Diriwayatkan, ada seorang pemuda sedang berjalan di pinggir sungai. Dia menemukan buah anggur yang hanyut di sungai. Ia lantas mengambil buah itu dan memakannya hingga masuk ke perutnya.
Namun, belum habis buah anggur itu dimakan, sang pemuda menyadari bahwa buah itu tidak halal baginya, sebelum sang pemilik buah menghalalkannya.
Sang pemuda ini pun menyusuri sungai dan mencari pemilik kebun anggur itu. Dalam perjalanannya, akhirnya dia berjumpa dengan sang pemilik kebun. Sang pemuda lantas menyampaikan maksudnya dan memohon izin kepadanya untuk mengikhlaskan buah yang sudah dimakannya. Tapi, sang pemilik kebun tak mau menghalalkannya.
Sang pemuda ini terus memohon kepada pemilik kebun itu. Bahkan, ia rela menjadi penjaga kebun itu walau tanpa diupah asal dirinya mendapatkan kehalalan dari buah yang sudah dimakannya. Sebab, ia khawatir, buah anggur yang tidak halal itu bisa menjadi penghalang dirinya masuk ke surga.

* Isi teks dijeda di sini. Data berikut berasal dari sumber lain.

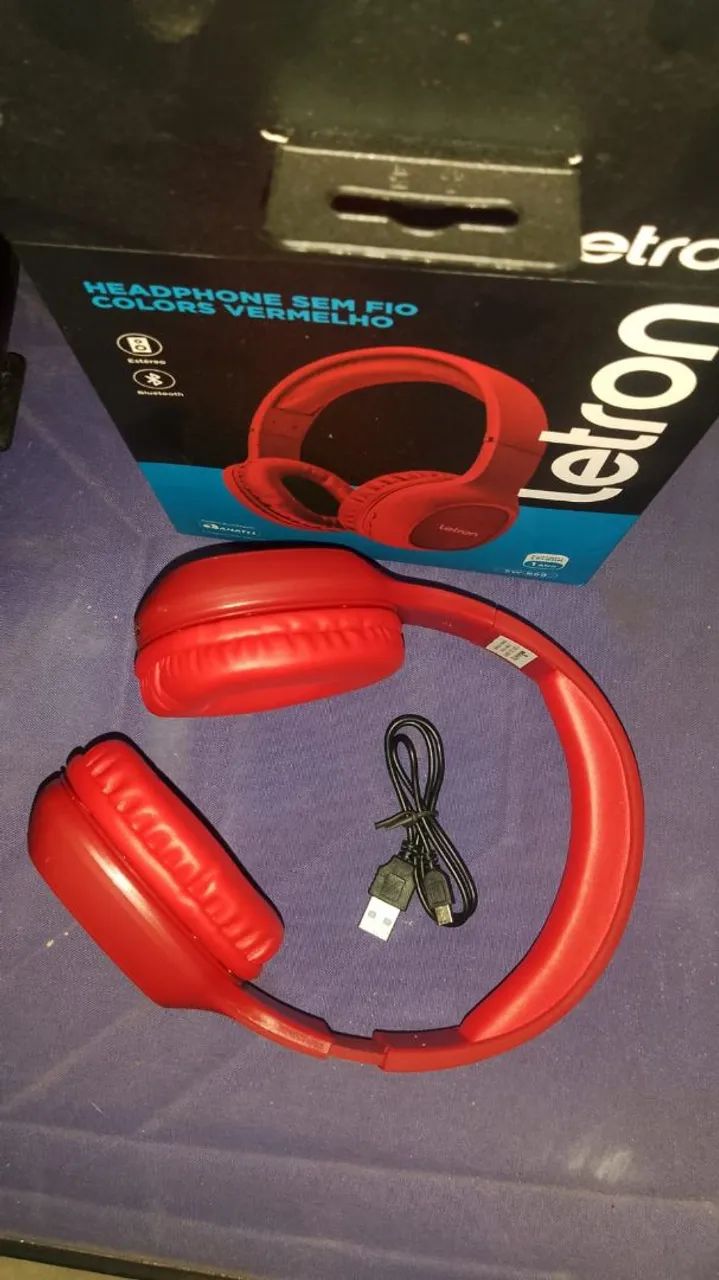 Fone de Ouvido Bluetooth Letron Sem Fio - Vermelho - Foto 3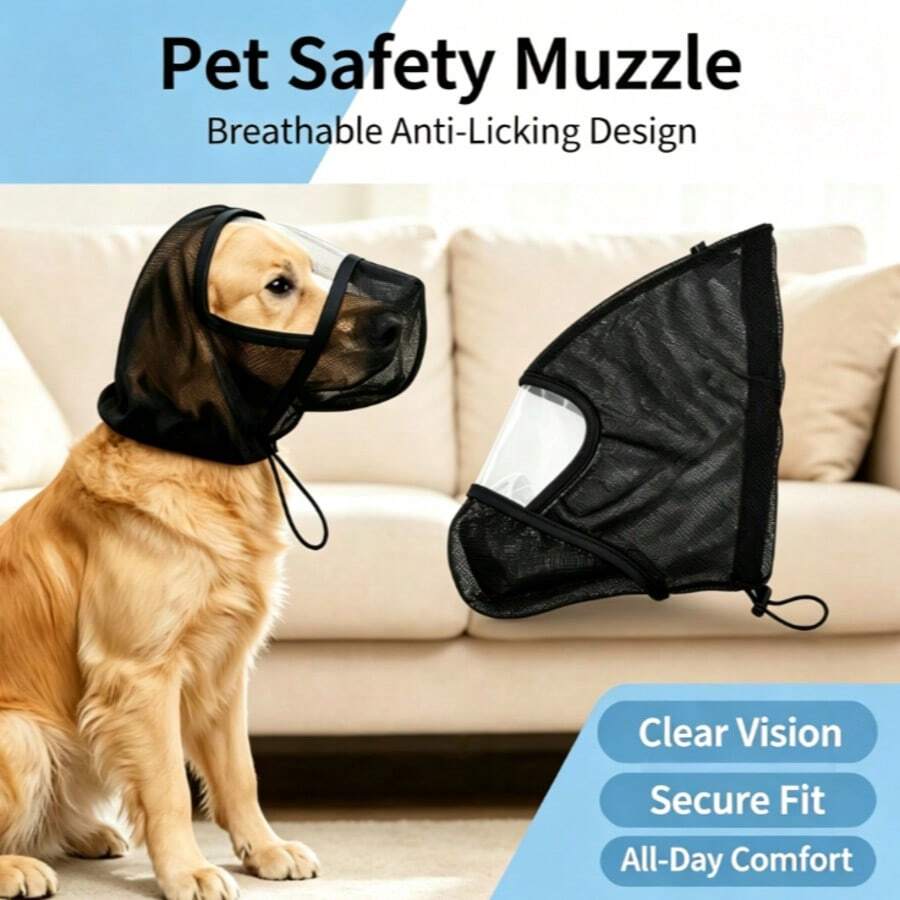 Breathable Mesh Dog Protective Hood, Soft Pet Face Cover. Adjustable, Protects From Mosquitoes When Walking, Reduces Chewing And Accidental Ingestion, Comfy Pet Accessory.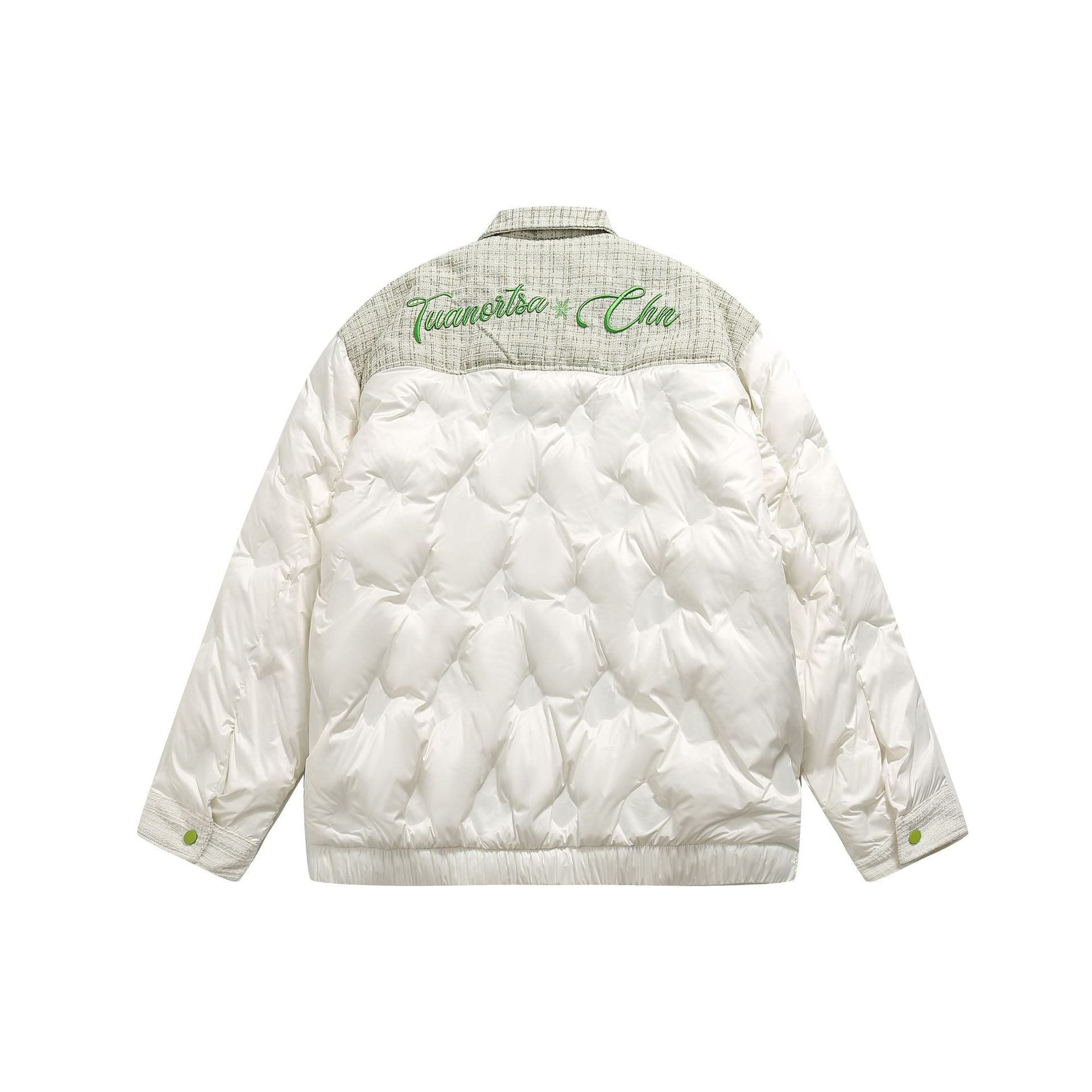 Women's quilted shirt jacket with tweed trim and flap pockets Chichicherry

Akhirnya, sang pemilik kebun mempekerjakan si pemuda sebagai penjaga kebun. Setelah beberapa waktu, dan melihat kesungguhan si pemuda menjaga dirinya dari hal-hal yang diharamkan, sang pemilik kebun ini berniat menghalalkan buah anggur itu.
“Namun dengan satu syarat,” ujarnya. Sang pemuda ini pun semringah, dan dia siap memenuhi syarat itu asal mendapat ridha dari sang pemilik kebun. “Syarat itu adalah, engkau harus menikah dengan anakku. Ia buta, tuli, bisu, dan lumpuh,” ujar pemilik kebun.
Mendengar hal itu, bukannya gembira, hati si pemuda justru makin gelisah. Sebab, dirinya akan mendapatkan istri yang tidak bisa apa-apa, yakni buta, tuli, bisu, dan lumpuh pula. Namun, demi halalnya anggur yang sudah masuk ke perutnya, ia pun menerima syarat itu.
Singkat cerita, dinikahkanlah si pemuda dengan anak pemilik kebun itu. Sesudah akad nikah, si pemuda dipersilakan menemui istrinya. Alangkah terkejutnya si pemuda, sebab perempuan yang ada di kamar itu, justru tidak buta, tidak tuli, tidak bisu, dan juga tidak lumpuh. Ia bisa melihat, mendengar, berbicara, dan berjalan.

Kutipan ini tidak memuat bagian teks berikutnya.